Vous avez sorti un premier CD en 2004, "Back to the Swamp". Pourquoi seulement aujourd'hui ?
Quand j'ai commencé à vouloir travailler d'avantage comme interprète, un enregistrement est devenu plus important pour assurer des dates. Au départ, c'était le but principal mais après avoir quitté les Beat Daddys, j'ai commencé à vouloir faire quelque chose que mes enfants pourraient écouter et peut-être comprendre mieux ce qu'est leur père. J'ai perdu mon père et je sens qu'il y a tant de choses que j'aimerais savoir de lui. J'ai donc voulu un enregistrement pour mes filles.
C'est vraiment surprenant comme ce CD semble aller plus loin que je ne l'avais prévu à l'origine. Je n'ai jamais attendu qu'il devienne un hit géant mais la façon dont il a été reçu a ouvert pour moi tant de portes pour des opportunités de reprendre une carrière active d'artiste.
Le style de ce disque est du blues acoustique avec d'autres composants comme le gospel. Pouvez-vous nous en donner les raisons ?
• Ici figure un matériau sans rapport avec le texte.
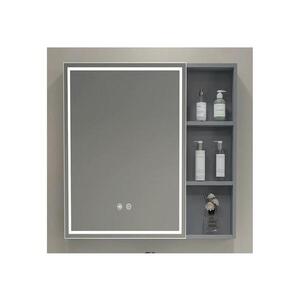 Imagine BRILAGI - Dulap de baie cu oglindă și iluminare LED AVOLA SINGLE 55x70 cm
Bon, j'ai écouté et joué pas mal de musique dans ma vie. Comme adolescent, c'était du gospel et du rock and roll. Comme jeune homme revenant du Vietnam, c'était la soul et le rock. Au milieu de ça, le blues a toujours été à la racine de toute la musique que j'ai jouée. Je pense donc que si je devais faire de la musique honnête, toutes ces influences devaient y figurer.
J'ai choisi de le faire en acoustique parce que je voulais le faire d'une manière qui ne soit pas seulement orienté roots mais d'une manière qui me permette d'utiliser ma voix comme mon instrument. C'est pourquoi j'ai fait le morceau "Gospel According to the Blues" a capella. Je ne voulais pas seulement m'appuyer fortement sur ma voix mais je voulais aussi que dans ses paroles elle raconte un peu d'où je viens.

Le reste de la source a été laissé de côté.